How to flash a ~$30 GL.iNet MT300N-V2 pocket router with a custom OpenWrt image that includes the AWS IoT Device SDK and an aws-iot-pubsub-demo application — turning it into an AWS IoT Edge device that can feed local sensor data to the cloud.
Quick overview #
Three steps to turn your pocket router into an AWS IoT Edge device:
- Flash the OEM firmware with the custom gl-mt300nv2-awsiot-demo.bin
- Upload your AWS-generated device certificate and private key via the web UI
- Reboot and watch Hello World messages published to your AWS IoT Core
Flashing the firmware #
Step 1 — Connect your PC to the pocket router via Ethernet and power it on.

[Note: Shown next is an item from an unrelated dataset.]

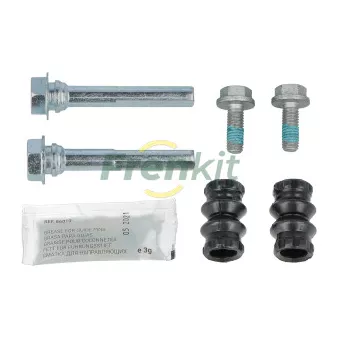 Jeu de douilles de guidage, étrier de frein FRENKIT [810146]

Wait for the LED to stop blinking.
Step 2 — Open http://192.168.8.1/cgi-bin/luci/admin/system/flashops in your browser (or follow GL.iNet’s onboarding process).

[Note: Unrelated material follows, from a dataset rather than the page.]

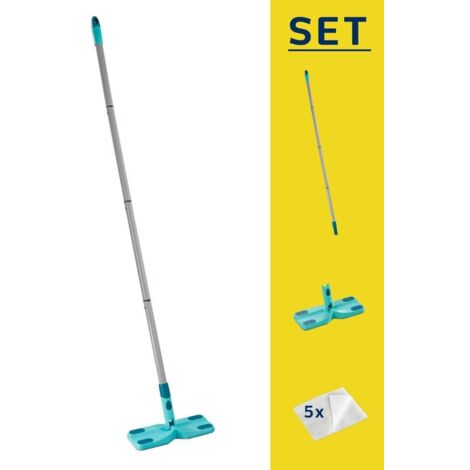 Leifheit 56666 Clean and Away Vloerwisser S + 5 Doekjes (1/4)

Step 3 — Find the firmware upgrade menu and flash with gl-mt300nv2-awsiot-demo.bin.
Important: Disable “Keep settings” — you want to start with default settings.
Step 4 — Wait about 2 minutes until the LEDs stop blinking.
Step 5 — Disconnect and reconnect the Ethernet cable on your PC so it gets a new IP in the 192.168.20.x range.
Step 6 — Navigate to http://192.168.20.1 — you should see the new web UI:
AWS IoT configuration #
Step 7 — Upload your device certificate and private key files through the web UI:
Step 8 — Go to AWS-IoT → Service Settings, enter your endpoint, and click Save & Apply.
Before clicking Save & Apply, ensure your security policies on console.aws.amazon.com are set up correctly (see Step 10 below).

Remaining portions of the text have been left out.